バッテリーの容量と走行距離

バッテリーの容量はAh(アンペア)という単位で表示されます。容量とは電気を蓄える量のことで、数字が大きくなれば容量も大きくなります。電動アシスト自転車の場合は容量が大きくなれば、その分長い距離を走ることができます。

電動アシスト自転車自転車のバッテリー容量にはいくつかの種類があります。バッテリー容量によって一度の充電で走ることのできる走行距離やバッテリーを使える期間が決まってきます。
バッテリー容量は電動アシスト自転車選びのポイントの一つとも言えるでしょう。
ここでは現在主流となっているリチウムイオン電池の容量について考察していきます。

主要メーカーのバッテリー容量

各メーカーの電動アシスト自転車の種類はたくさんありますが、それに使用されるバッテリーの種類は多くありません。専用バッテリーを搭載している電動アシスト自転車はほとんどなく、汎用性のあるバッテリーを搭載しているケースが大半です。
日本の3大メーカーについて、2014年現在使用されてるバッテリーの一覧を作成してみました。

パナソニック ヤマハ ブリヂストン
特小 5 5 5
6.6 6.6 6.6
8.9 8.7 8.7
13.2 12.8 12.8

(単位はAh。2014年6月時点のカタログデータ。旧機種と回生充電タイプは除く。)

これを見ると、各メーカーはほぼ4つの容量に分かれます。(ちなみにヤマハとブリヂストンは相互に部品を供給しあっているので、バッテリーの構成も同じになります)

各メーカーもバッテリーの容量で車種を設定しています。
例えば、ヤマハの場合、PASナチュラSが5Ah(96,120円)、PASナチュラLが8.7Ah(112,320円)、PASナチュラXLが12.8Ah(139,320円)という具合にクラス分けを行っています。価格(税込み)も、バッテリー容量が上がるに連れて高くなっています。
パナソニックの場合はDX(デラックス)が付くと大容量のバッテリーを搭載しています。

バッテリー容量と走行距離

バッテリー容量によって1回の充電で走行できる距離が変わってきます。

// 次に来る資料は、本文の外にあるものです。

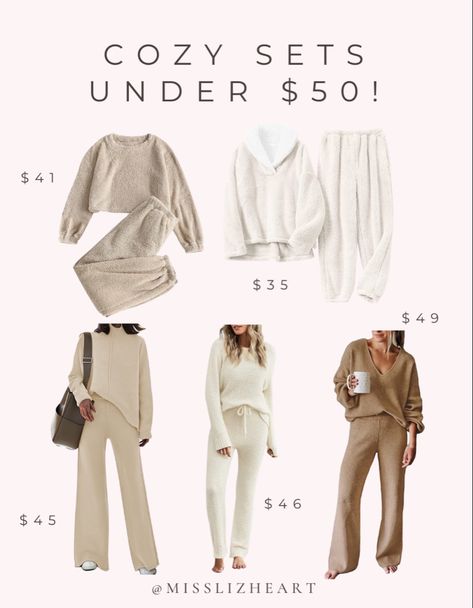 Loungewear Sets For Women, Cozy Sets Women, Cream Set Outfit, Women’s Loungewear Set, Amazon Lounge Sets, Going Home Outfit For Mom Winter, Amazon Matching Sets, Wantable Cozytober, Beige Set Outfit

上記の表に標準モードでの走行距離を追加してみます(パナソニックの場合はオートマチックモード)。

パナソニック ヤマハ ブリヂストン
特小 20km(5Ah) 20km(5Ah) 20km(5Ah)
29km(6.6Ah) 30km(6.6Ah) 30km(6.6Ah)
36km(8.9Ah) 39km(8.7Ah) 39km(8.7Ah)
52km(13.2Ah) 58km(12.8Ah) 58km(12.8Ah)

(2014年6月現在のメーカーカタログ値。代表的な機種のデータを掲載。)

この表を見ると、各メーカーともにバッテリー容量が大きくなると走行距離も伸びていることがわかります。
容量の大きなバッテリーを選んだほうがいいように思いますが、その分価格が上がります。このあたりは、実際の使用状況(走行距離)とおさいふとの相談になるかと思います。

バッテリー容量の選び方

バッテリー容量を選ぶにあたっては、電動アシスト自転車にどのように乗るかを事前に明らかにしておくと良いです。それによってバッテリーの容量が決まってきます。

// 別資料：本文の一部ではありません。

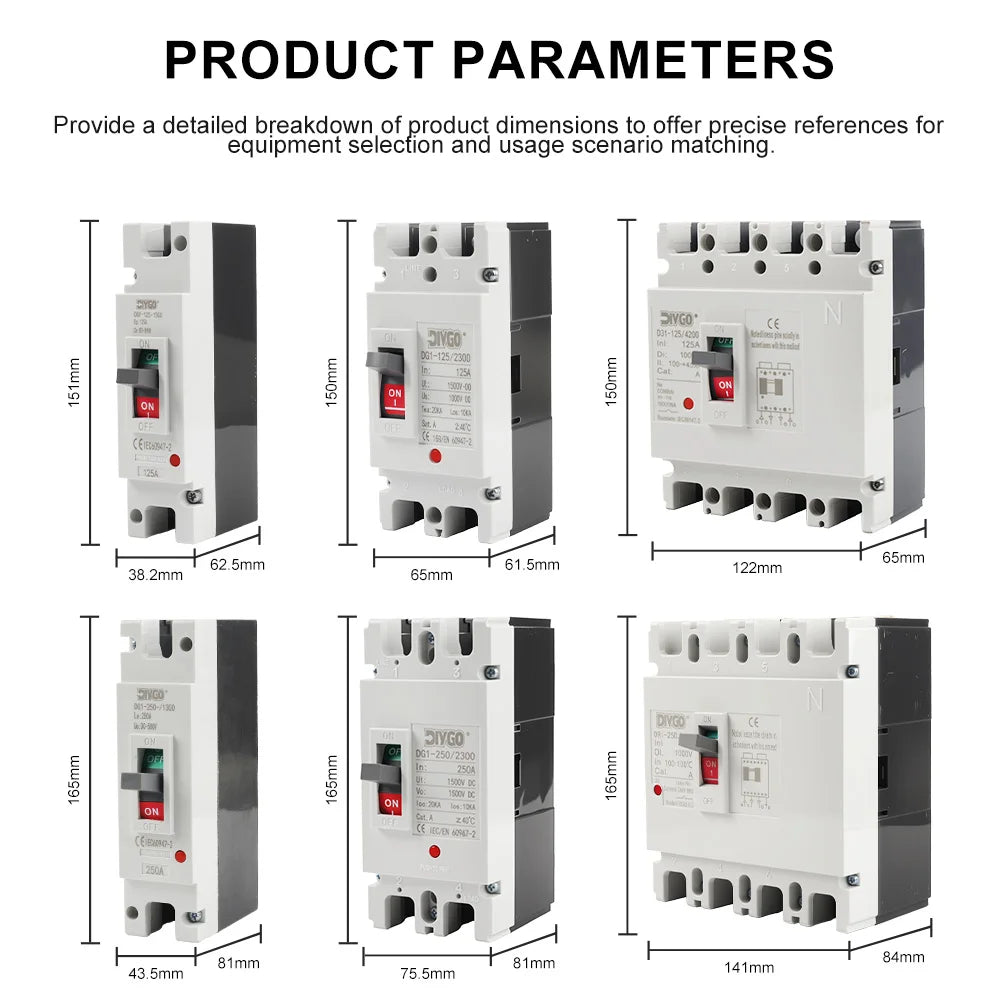 DC Solar MCCB Molded Case Circuit Breaker 1P/2P/4P DC500V/1000V 125A/250A Overload Protection for Solar PV Systems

  • 1日あたりどれくらいの距離を乗るのか→距離が長ければ容量大
  • 坂が多いか少ないか→多ければ容量大(坂が多いとバッテリーの消費が高いため)
  • 荷物や子供を載せる機会はどうか→多ければ容量大(重いとバッテリーの消費が多い)
  • 気温はどうか→寒い地域は容量大(気温が低いとバッテリーの能力が低下します。特に5度以下は大幅に低下します。)

などです。
電動アシスト自転車の走行距離を測定する場合、上り坂や下り坂を含む一定の条件で測定を行っています。この条件より坂が厳しい場合は走行距離が短くなります。

そして注意すべき点が一つあります。バッテリーの容量は使用頻度と使用年数によって減少していきます。たくさん使えば使うほど、長期間使えば使うほど電気を蓄えておくことのできる容量は減っていきます。
2014年のカタログでは、3大メーカーでは、700~900回の充電で容量が約半分になるとしています。充電が半分になると走行距離も半分になると考えられます。このため、この容量減少を見越してバッテリーを選ぶ必要があります。安いからといって容量の小さいバッテリーを選ぶと、充電回数が多くなり容量の減りも早くなります。スペアのバッテリーを購入すればよいですが、もしかしたら大容量のバッテリーを使い続けた方が安くなったかもしれません。
また、気温が低いとバッテリーの能力は低下します。特に5度を下回ると顕著になります。寒冷地や気温の下がる夜間から早朝にかけて利用する場合は、大容量バッテリーを選ぶといいでしょう。
まとめですが、充電頻度や使用条件によって異なるので一概には言えませんが、もし予算に余裕があるなら、少し余裕を持った容量を選ぶことをおすすめします。